A hipercalcemia associada à malignidade é uma emergência oncológica comum. Em tumores sólidos sem metástases ósseas extensas, o mecanismo mais frequente é a secreção de PTHrp, que mimetiza a ação do PTH, aumentando a reabsorção óssea e a reabsorção tubular de cálcio.
A hipercalcemia da malignidade (HCM) é uma das emergências oncológicas mais frequentes, afetando cerca de 10-30% dos pacientes com câncer. Sua importância clínica reside na morbidade significativa que causa, incluindo sintomas neurológicos, renais e cardíacos, e na necessidade de manejo rápido para evitar complicações graves. É um marcador de doença avançada e pode impactar a qualidade de vida do paciente. A fisiopatologia da HCM é complexa, mas o mecanismo mais comum em tumores sólidos, especialmente carcinomas de células escamosas, mama e rim, é a produção da proteína relacionada ao paratormônio (PTHrp). A PTHrp mimetiza a ação do PTH, ligando-se aos seus receptores e promovendo a reabsorção óssea e renal de cálcio, sem a supressão do PTH endógeno. Outros mecanismos incluem metástases ósseas líticas e, mais raramente, produção de calcitriol. O diagnóstico da HCM baseia-se nos níveis séricos de cálcio corrigido para albumina.
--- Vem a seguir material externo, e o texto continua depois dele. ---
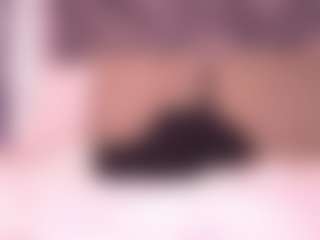 Miia Kay 🌸's Live Sex Cam Show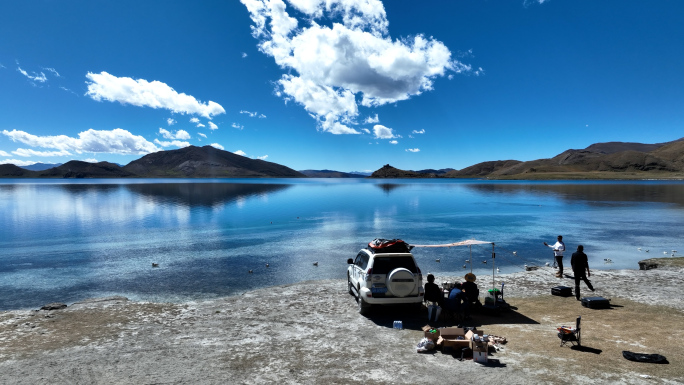 西藏海子羊湖湖面水波浪自驾露营
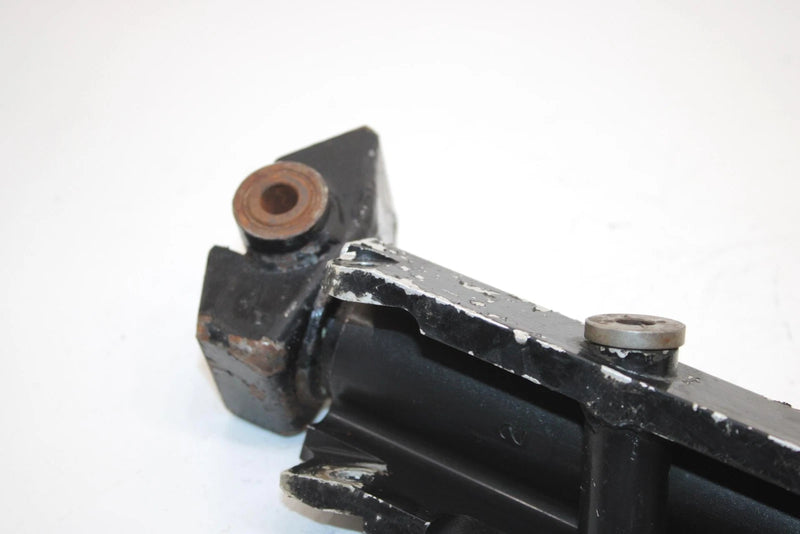 98 Arctic Cat Zr 600 Efi Oem Right Spindle 0703-606 SA182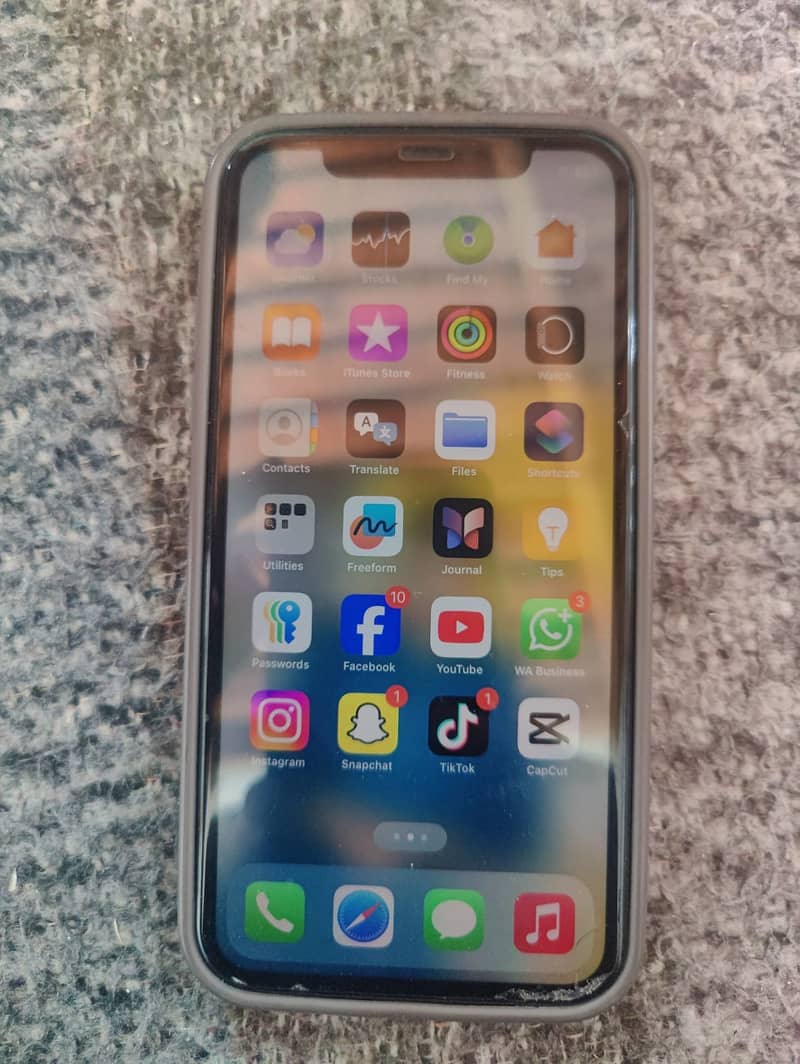 I phone 11 jv 64gb sim working 3 months 0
O tratamento envolve hidratação vigorosa com soro fisiológico, bifosfonatos (como pamidronato ou ácido zoledrônico) para inibir a reabsorção óssea, e em casos refratários, calcitonina ou denosumabe. O manejo eficaz da HCM é crucial para o bem-estar do paciente e a preparação para provas de residência exige o conhecimento detalhado dos mecanismos e abordagens terapêuticas.
O principal mecanismo é a produção e secreção da proteína relacionada ao paratormônio (PTHrp) pelas células tumorais, que age de forma semelhante ao PTH, elevando os níveis de cálcio sérico.
A PTHrp se liga aos receptores de PTH nos ossos e rins, estimulando a reabsorção óssea de cálcio e aumentando a reabsorção tubular renal de cálcio, resultando em hipercalcemia.
Outras causas incluem metástases ósseas diretas com liberação de citocinas osteolíticas, produção ectópica de calcitriol (vitamina D) por linfomas e, raramente, produção de PTH verdadeiro.